Pour une politique fiscale plus simple et plus juste

Trop souvent, le Législateur et l’Administration ne tiennent pas compte des spécificités des situations des Français à l’étranger. Loin d’être tous des exilés fiscaux, les Français expatriés connaissent des situations fiscales et personnelles très diverses. Or, aujourd’hui, la fiscalité défavorise souvent les Français expatriés en dehors de l’Union Européenne. Il est donc important d’appliquer des mesures pour pallier ces inégalités de traitement.

J’assurerai, comme je le fais en ce moment au Portugal, une non-discrimination entre les différentes catégories de population (notamment au détriment des binationaux) lors des négociations des conventions et avenants aux conventions fiscale bilatérales. Pour cela, je proposerai si nécessaire la révision des conventions fiscales liant la France et les pays de résidence. Cela permettra entre autres d’éviter les cas, trop fréquents, où des retraités se trouvent doublement imposés (en France et dans leur pays de résidence).

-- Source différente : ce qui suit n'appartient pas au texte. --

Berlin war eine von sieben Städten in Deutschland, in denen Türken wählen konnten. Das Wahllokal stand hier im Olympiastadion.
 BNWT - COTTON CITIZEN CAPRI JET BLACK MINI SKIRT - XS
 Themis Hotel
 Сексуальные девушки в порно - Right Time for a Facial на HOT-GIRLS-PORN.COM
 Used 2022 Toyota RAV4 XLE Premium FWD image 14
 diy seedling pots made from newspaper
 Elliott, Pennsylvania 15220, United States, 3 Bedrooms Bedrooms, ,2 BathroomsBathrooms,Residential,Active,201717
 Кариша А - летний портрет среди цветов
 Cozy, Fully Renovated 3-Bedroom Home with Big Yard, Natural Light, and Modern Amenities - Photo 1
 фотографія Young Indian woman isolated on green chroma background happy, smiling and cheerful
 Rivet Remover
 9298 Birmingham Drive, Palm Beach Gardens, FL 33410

Je proposerai d’améliorer la capacité de service du SIPNR (service des impôts des particuliers non résidents) grâce à une dotation venant de la lutte contre la fraude fiscale. Cela permettra d’améliorer la qualité du service rendu aux Français de l’étranger, au moins autant que pour ceux établis en Métropole. Cela permettra aussi, au moment de la préparation des textes de loi et du budget, de mieux informer le législateur et le gouvernement des spécificités des Français vivant hors de France.

Pour plus de justice fiscale, je proposerai l’intégration des charges à l’étranger dans le calcul de l’impôt en France.